> _Assigned task_
Go through the records and tally the lines that include the word "yellow". The answer is that total alone.

Material for the task: Begin

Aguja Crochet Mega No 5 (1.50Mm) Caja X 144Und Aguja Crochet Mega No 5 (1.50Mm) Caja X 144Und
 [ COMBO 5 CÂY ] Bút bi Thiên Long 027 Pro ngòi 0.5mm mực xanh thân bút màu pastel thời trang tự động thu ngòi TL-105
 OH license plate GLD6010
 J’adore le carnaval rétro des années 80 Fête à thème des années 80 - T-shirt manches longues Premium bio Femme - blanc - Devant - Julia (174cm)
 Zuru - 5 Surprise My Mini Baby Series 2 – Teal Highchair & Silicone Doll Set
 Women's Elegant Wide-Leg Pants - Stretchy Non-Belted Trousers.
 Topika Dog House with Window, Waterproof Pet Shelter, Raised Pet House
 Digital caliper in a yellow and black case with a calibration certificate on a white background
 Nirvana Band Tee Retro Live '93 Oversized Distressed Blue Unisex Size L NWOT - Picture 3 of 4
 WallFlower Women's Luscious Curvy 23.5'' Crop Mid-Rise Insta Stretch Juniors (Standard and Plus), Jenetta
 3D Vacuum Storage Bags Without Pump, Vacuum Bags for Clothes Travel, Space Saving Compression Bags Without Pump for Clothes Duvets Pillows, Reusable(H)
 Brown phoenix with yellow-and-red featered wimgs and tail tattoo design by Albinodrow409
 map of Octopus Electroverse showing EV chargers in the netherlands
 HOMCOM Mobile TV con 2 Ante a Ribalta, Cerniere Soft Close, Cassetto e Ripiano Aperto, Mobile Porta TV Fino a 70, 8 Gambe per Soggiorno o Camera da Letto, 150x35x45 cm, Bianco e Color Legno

Material for the task: End

> _Reply to the exercise_
2